= Bilkha =

Village in the Indian state of Gujarat

Bilkha is a small village in the Junagadh district in Gujarat, India. Bilkha lies at the foot of the Girnar clump in the south-east corner.

==History==
According to a legend, Bilkha was the ancient residence of the legendary king Bali.
It is situated about eighteen miles east of Vamansthali (the present Vanthali), the abode of Vamana.

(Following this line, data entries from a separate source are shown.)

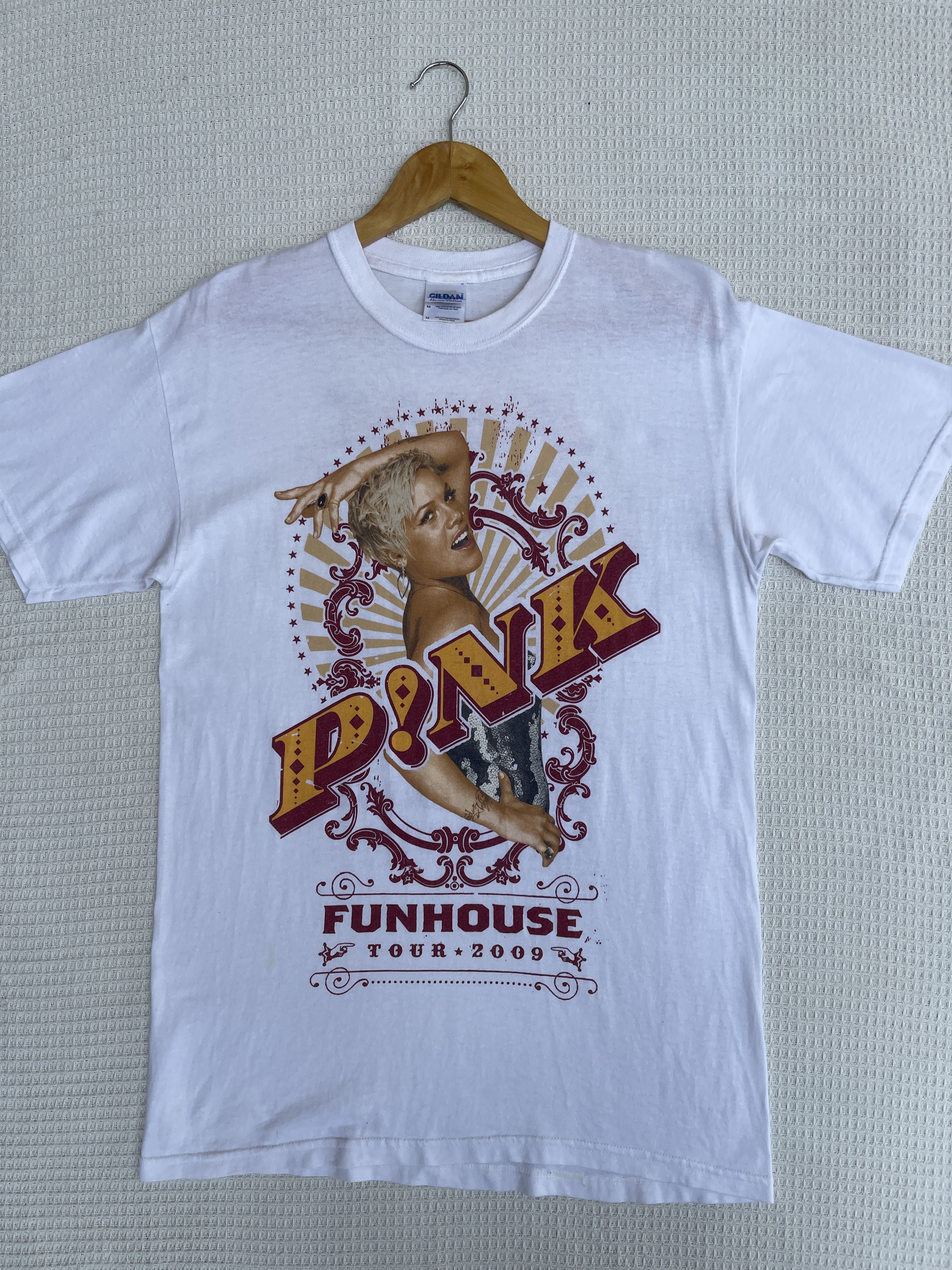 Band Tees × Vintage Last Drop🔥Rare🔥Vintage 00s Pink Funhouse World Tour 2009 Size US M / EU 48-50 / 2 - 9 Thumbnail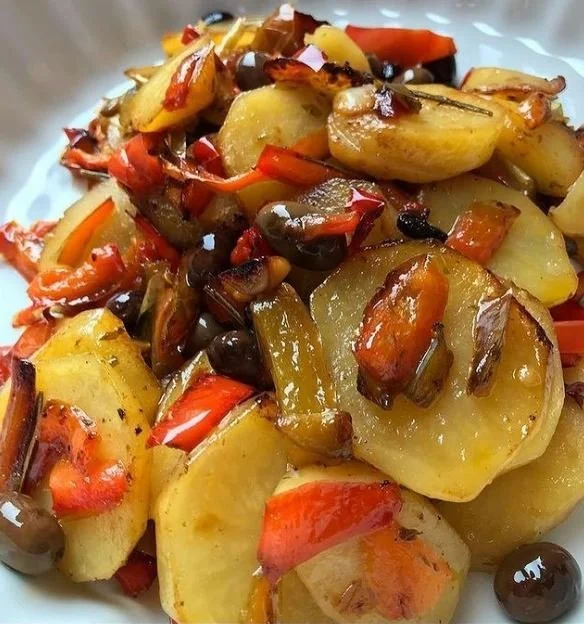 Patate e peperoni cotti in padella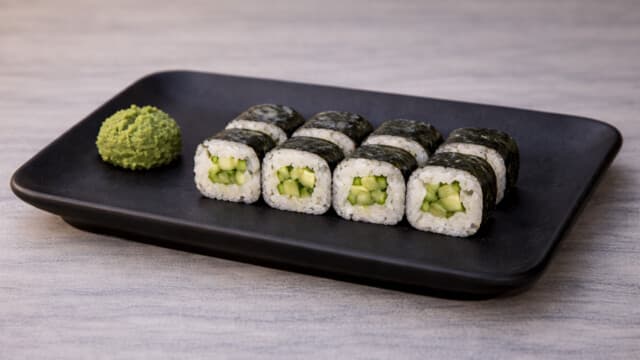 Cucumber maki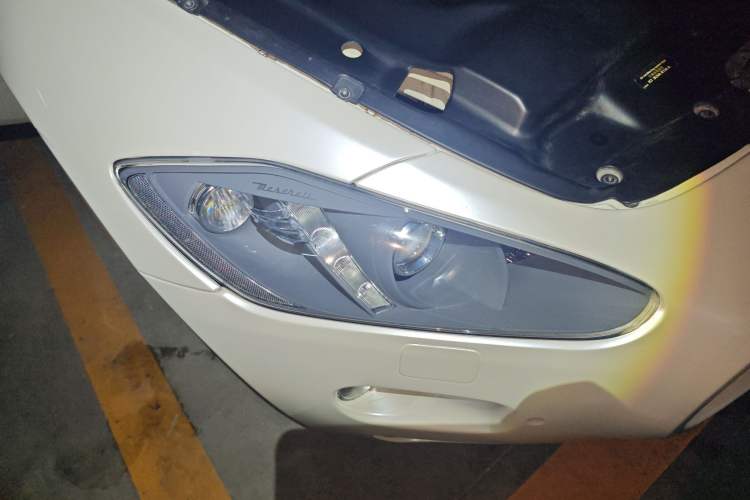 Used Maserati GranTurismo 2007 4.2L Standard Edition Right Front Headlight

During British period, it is owned by Kathis of the Vala tribe, a branch of the Jetpur house. In 1880s, Vala Kala Devdan was a its talukdar who had fourth class jurisdiction in his sole villages, and Valas Ala and Desa both sons of Bhima Sata, they each exercised sixth class jurisdiction in their sole villages. Bilkha itself was joint between the above-mentioned shareholders so it was managed by a thanadar subordinate to the Jetpur taluka court.

===Anand Ashram===

There is an ashram established by Nathuram Sharma, a saint.

==Demographics==
The population according to the census of 1872 was 3,327 and 3,791 people according to the one taken in 1881. The population recorded on the census of 2011 was 11,134.

==Economy==
Bilkha is known for medium variety traditional wood work.

==In popular culture==
The legend of Sagalsha produced several folk-songs. It was a subject of 1978 Gujarati film Sheth Sagalsha.